Exactly as written, set down each line of the data below except its pictures.
[Opening DATA section]
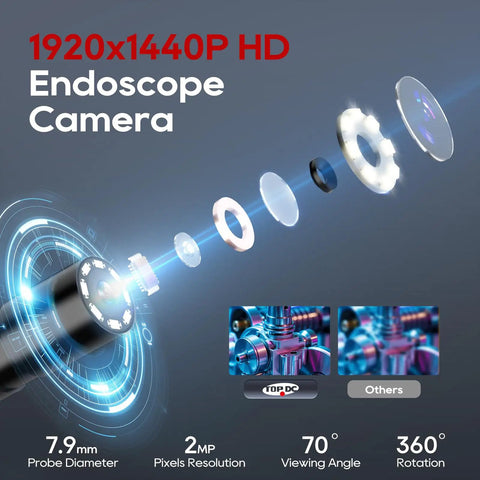 1920P HD endoscope camera features and specifications displayed, including 70-degree view, 360-degree rotation, and IP67 waterproof.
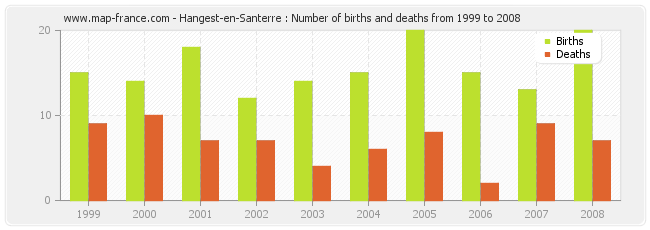 Hangest-en-Santerre : Number of births and deaths from 1999 to 2008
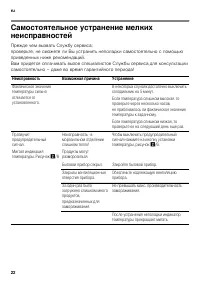 Страница 22
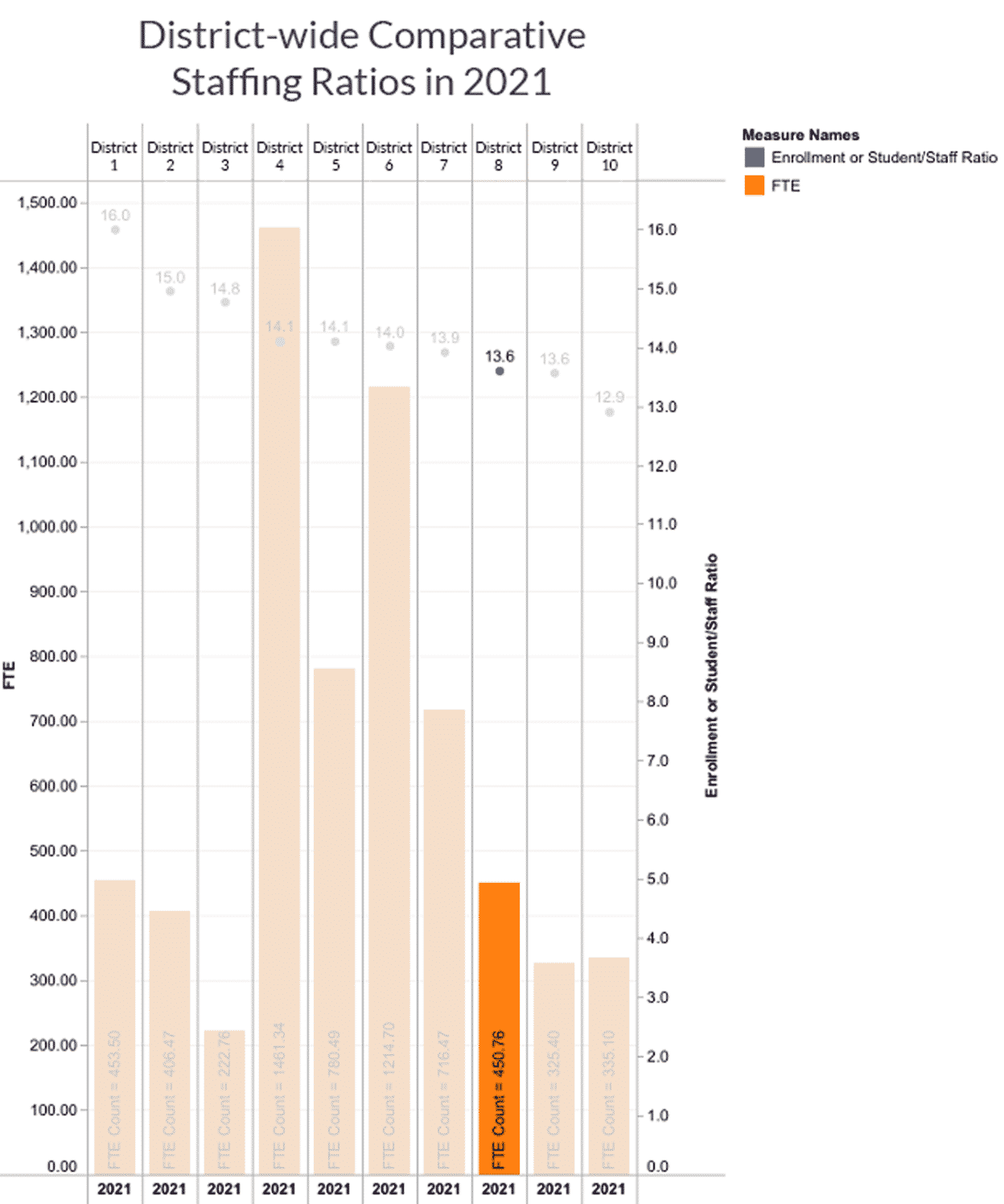 This visual shows staffing ratios of Northwest School District compared to peers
[Closing DATA section]
▶ _EXERCISE RESULT_
 1920P HD endoscope camera features and specifications displayed, including 70-degree view, 360-degree rotation, and IP67 waterproof.
 Hangest-en-Santerre : Number of births and deaths from 1999 to 2008
 Страница 22
 This visual shows staffing ratios of Northwest School District compared to peers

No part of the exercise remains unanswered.